ALLHiC
ALLHiC copied to clipboard
ALLHiC_corrector crashes
Hi, I am trying to run ALLHiC_corrector, but get the following error. DO you have any recommendations?
[13:29:17] Contig: ptg000402l Getting mapping list
[13:29:17] Contig: ptg001136l Getting mapping list
Traceback (most recent call last):
File "/data2/DUNJA/ALLHIC/ALLHiC/bin/ALLHiC_corrector", line 310, in
Found a solution, by creating an environment with python3.7 and sorting and indexing bam files:
conda create -y -n allhic python=3.7 samtools bedtools matplotlib pysam conda activate allhic samtools sort -@ 32 -o Q60.sort.bam Q60.bam samtools index Q60.sort.bam ALLHiC_corrector -m Q60.sort.bam -r TEST.fa -o TEST.fa-corrected -t 8
I realized that the bwa mapping is really slow for large genomes. Could you provide some hints how to integrate tools like minimap2 into the ALLHIC pipeline? Would you run in paired end mode? Or run each pair independently and then merge the results?
Hi @HMPNK,
I am not aware that minimap2 is suitable for Illumina reads mapping. Actually, bwa mapping is a bit slow, however, you can split the big fastq files into a number of small files using seqkit split2
command, and then run each individual PE fastq in parallel. The resulting bam files can subsequently merged using samtools merge
or sambamba merge
.
Hi, thanks for your recommendations. Regarding minimap2, it is a pretty fast short read mapper if using parameters "-a -x sr"

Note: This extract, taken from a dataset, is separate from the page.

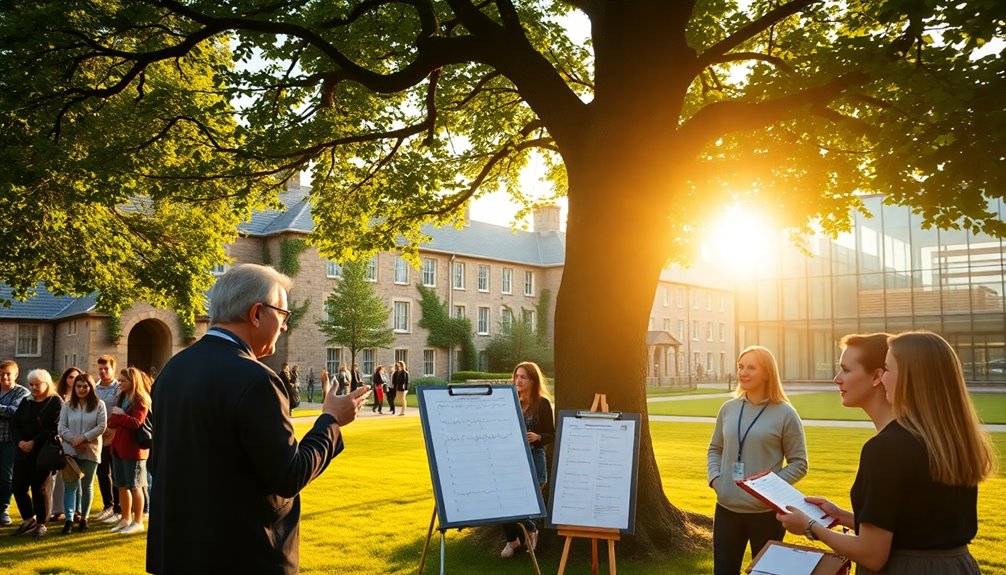 structured summer language programs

I am currently stucked with another issue (I already tested different samtools versions (0.1.19-44428cd, version 1.9 and version 1.12)):
ALLHiC_partition -b prunning.bam -r TEST.fa -e GATC -m 0 -k 150
Extract function: calculate an empirical distribution of Hi-C link size based on intra-contig links
CMD: allhic extract prunning.bam TEST.fa --RE GATC
16:39:12 writeRE | NOTICE RE counts in 21172 contigs (total: 13306257, avg 1 per 381 bp) written to prunning.counts_GATC.txt
16:39:12 extractContigLinks | NOTICE Parse bamfile prunning.bam
16:39:12 extractContigLinks | ERROR Cannot open bamfile prunning.bam
(sam: reference already used)
Partition contigs based on prunning bam file
CMD: allhic partition prunning.counts_GATC.txt prunning.pairs.txt 150 --minREs 0
16:39:12 ReadCSVLines | NOTICE Parse csvfile prunning.counts_GATC.txt
16:39:12 readRE | NOTICE Loaded 21172 contig RE lengths for normalization from prunning.counts_GATC.txt
16:39:12 skipContigsWithFewREs | NOTICE skipContigsWithFewREs with MinREs = 0 (RE = GATC)
16:39:12 skipContigsWithFewREs | NOTICE Marked 0 contigs (avg 0.0 RE sites, len 0) since they contain too few REs (MinREs = 0)
16:39:12 ReadCSVLines | NOTICE Parse csvfile prunning.pairs.txt
16:39:12 mustOpen | CRITIC open prunning.pairs.txt: no such file or directory
Have solved it, this was due to read having "/1" "/2" naming convention in my bam file.
Hi Dr zhang, I run the allhic_corrector and get a file.out: [32m[09:18:48][0m Contig: utg000008l Getting hic list with bin size: 25000 [32m[09:18:49][0m Contig: utg000008l Getting wide mismatch [32m[09:18:49][0m Contig: utg000008l Getting narrow score with bin size: 1000 [32m[09:18:49][0m Contig: utg000008l Getting narrow mismatch _[32m[09:18:49][0m Contig: utg000063l Getting mapping list [32m[09:18:49][0m Contig: utg000063l Getting hic list with bin size: 25000 [32m[09:18:49][0m Contig: utg000063l Getting wide mismatch [32m[09:18:49][0m Contig: utg000063l Could not found mismatch_
i want to know if the could not found mismatch will affect the subsequent analysis? Looking forward to your reply,thanks very much.